Vivek Ranadivé bought the Sacramento Kings and saved them from being relocated to Seattle in 2013. But ever since then he has been a disaster, and according to a report from Chris Mannix, the Kings minority owners are trying to get him out of the paint:
Kings minority owners have quietly explored ways to seize controlling interest from Ranadive, sources told The Vertical, but on this there is little recourse. Owning an NBA team has become almost bulletproof, with an owner-friendly CBA redirecting the money and billions in television revenue set to flow into the league’s coffers in the coming year.
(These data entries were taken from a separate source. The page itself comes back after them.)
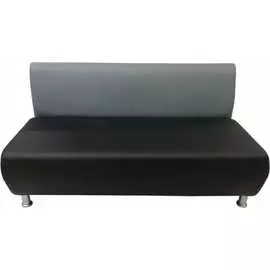 Двухместная секция дивана Мягкий Офис серая-черная КЛ601СРЧН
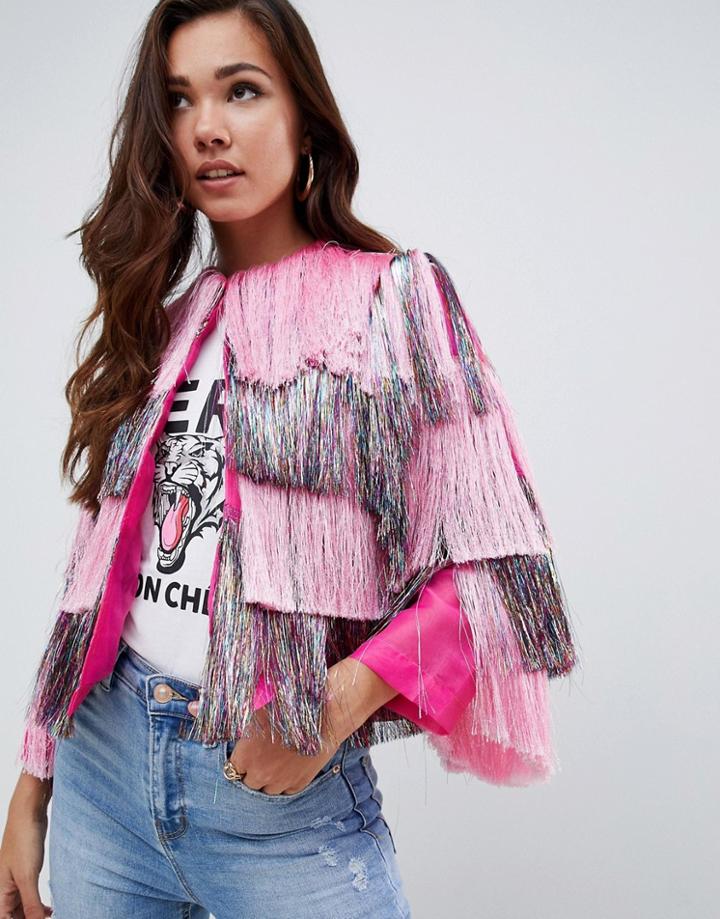 Asos Design Metallic Fringed Jacket - Multi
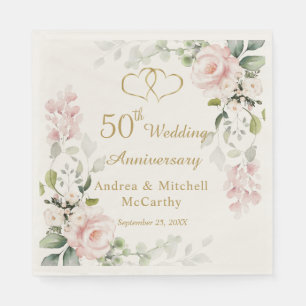 Rozen Foliage Hearts 50th Wedding Jubileum Servet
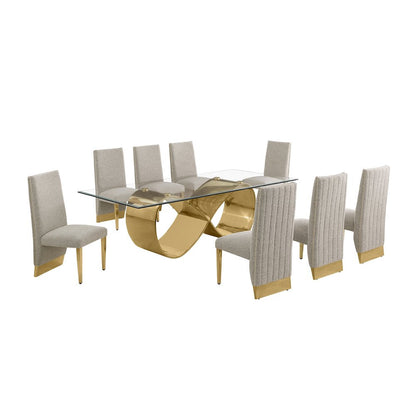 9Pc Tempered Glass Dining Set With 8 Gray Boucle Chairs And Gold Base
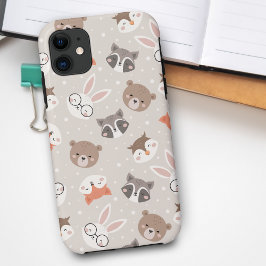 かわいいウッドランド動物のキッズパターン iPhone 11 ケース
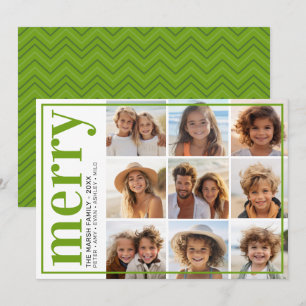 Cartes Pour Fêtes Annuelles 9 Photo Décalage - Joyeux Gras - Vert - 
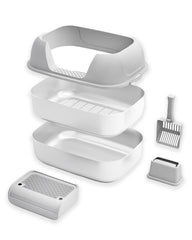 DOWANQO stainless steel litter box with lid, rust-resistant surface supports easy maintenance.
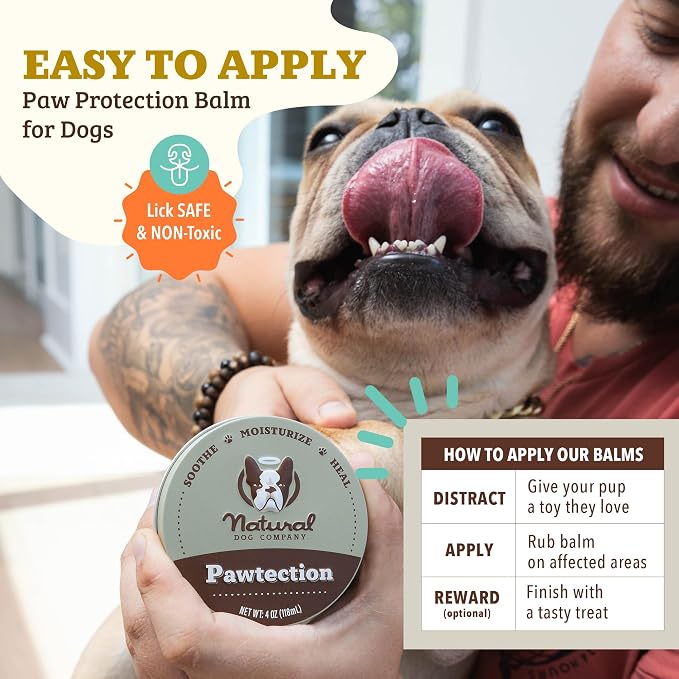 Natural Dog Company PAWDICURE Bundle, Paw Soother + PawTection Dog Paw Balms, Protect and Heal Dry, Cracked Dog Paw Pads, Organic, All Natural Ingredients, 1oz Tins
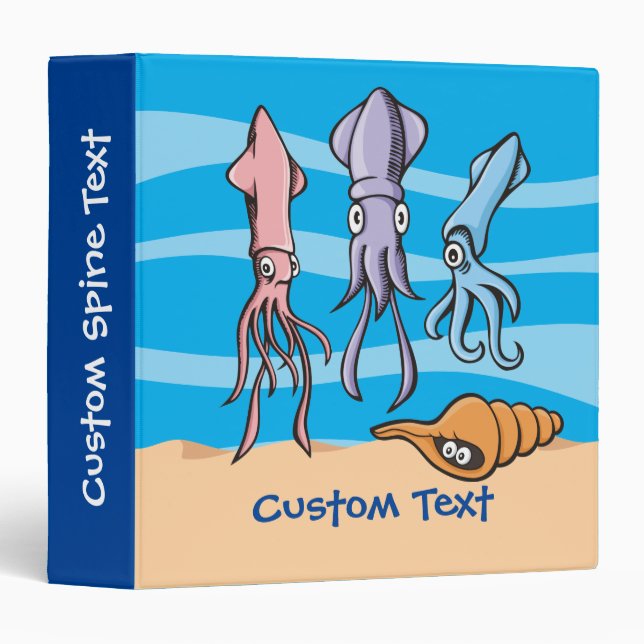 Squid Cartoons 3 Ring Binder (Front/Spine)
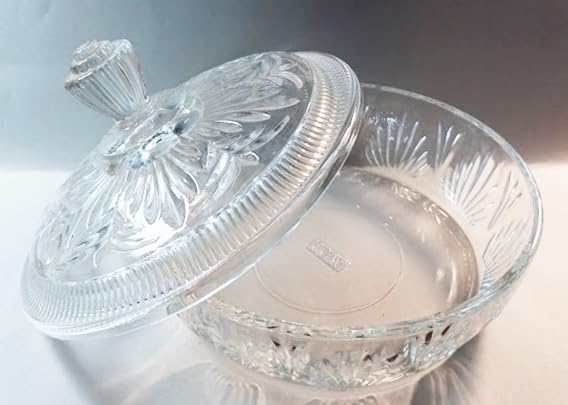 Katrina Custom Fancy Glass Dish with Powder Puff - Medium No Lid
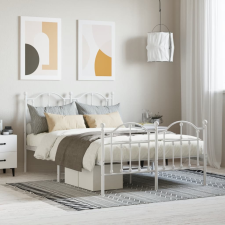 vidaXL fehér fém ágykeret fej- és lábtámlával 120 x 190 cm ágy és ágykellék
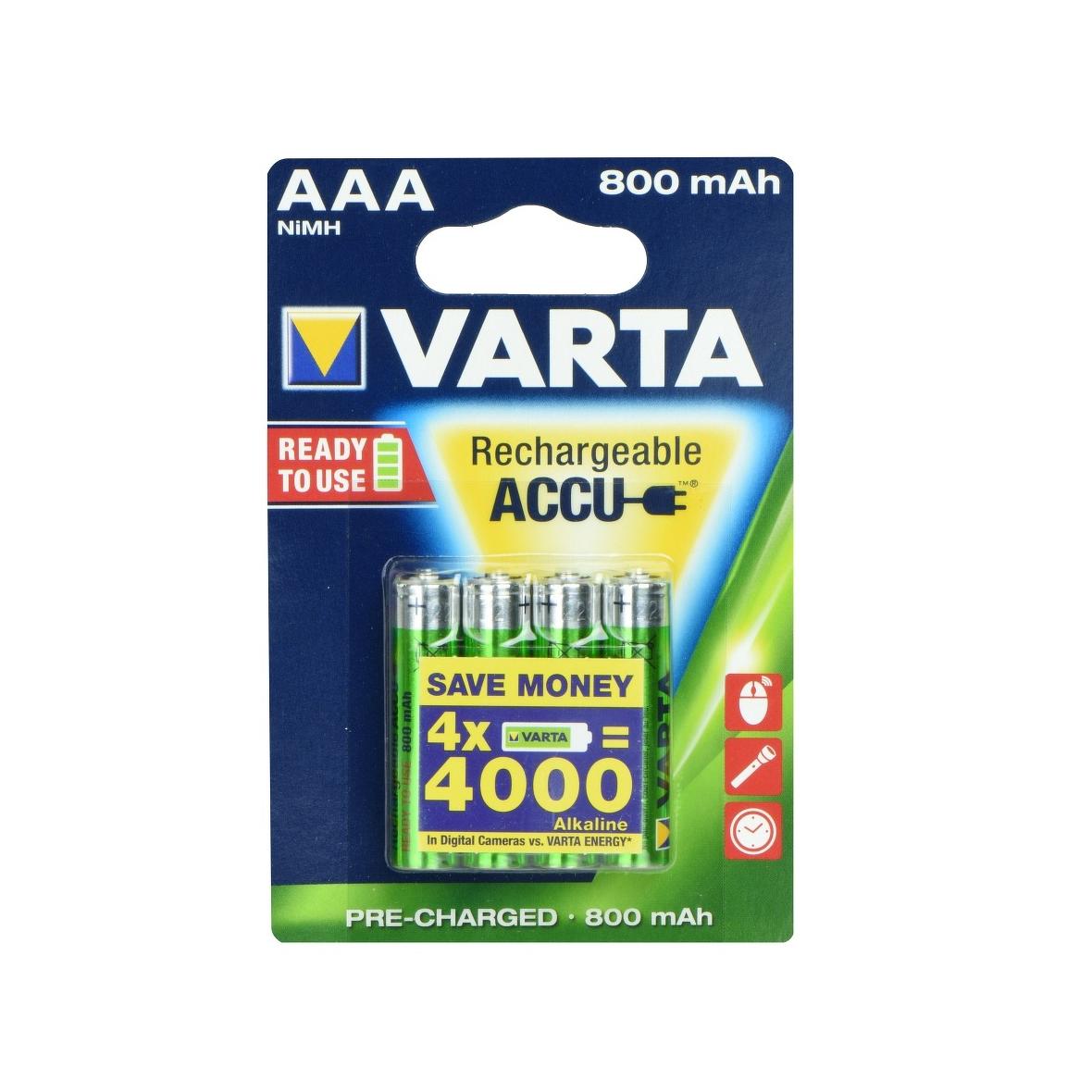 VARTA bateria akumulatorowa R3 (AAA) 800 mAh ready to use 4 szt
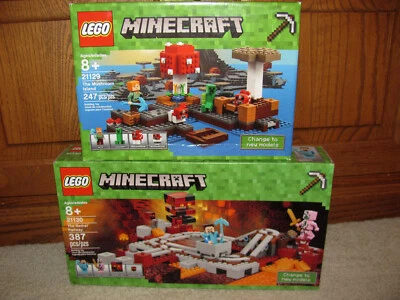 LEGO Minecraft Lote Nether Railway & Mushroom Island NUEVO Retirado 21129 21130 Foto 1 de 4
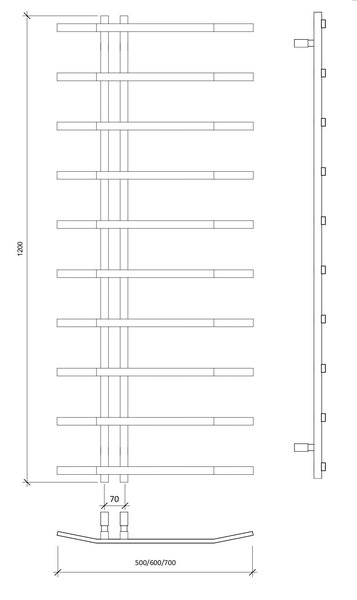 Полотенцесушитель водяной Secado Милето 120x7x70 черный матовый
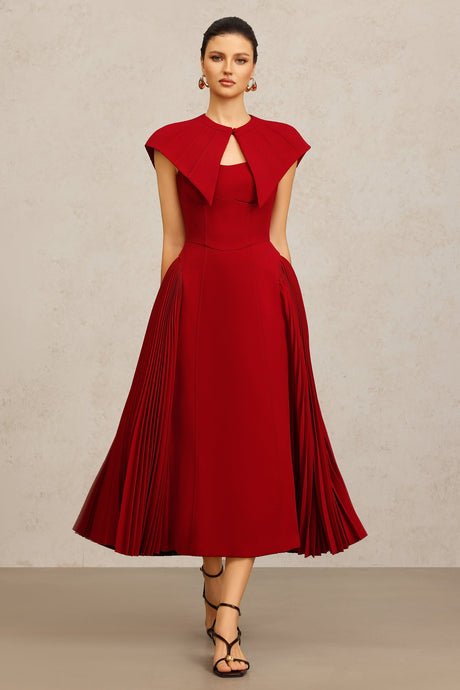 Silvana Red Halter Neckline Pleated Dress for Special Occasions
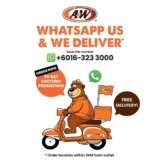 A&W 600ml bottle of RB for FREE with Whatapp Ordering
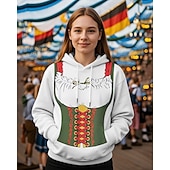 halpa Hoodies-Hoodie Print Casual Bavarian Bishop Sleeve Front Pocket Graphic for Women's Adults' 3D Print  for Carnival Oktoberfest Beer Vacation Party
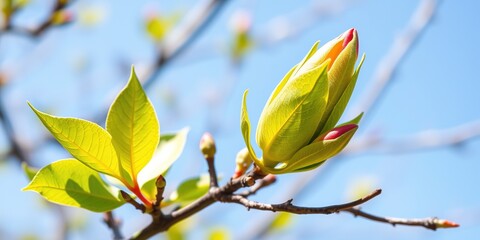 Fototapeta premium Nature's Promise: Budding Branch in Early Spring's Embrace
Ranadive’s mismanagement has set the rebuilding Kings back years, but that alone won’t be enough for anyone to remove him.
Reports at the time pegged Ranadivé’s stake in the team at 65 percent, so while the minority owners own a considerable share of the team, it is still Ranadivé’s to do with what he wants, unless he chooses to sell.
The minority owners are right to be worried: Ranadivé has been a very bad owner. He has looked like a fool on numerous occasions, such as when he legitimately suggested the Kings run a 4-on-5 defense, or when he allowed ESPN cameras into the draft room to capture him cheerleading the Nik Stauskas pick. He made the rookie mistake of hiring a head coach before a GM, and then compounded it by firing that coach—the only one to ever get along with DeMarcus Cousins—a year-and-a-half later. After the Kings inevitably fire George Karl sometime this month, they’ll be onto their fourth coach of the Ranadivé era.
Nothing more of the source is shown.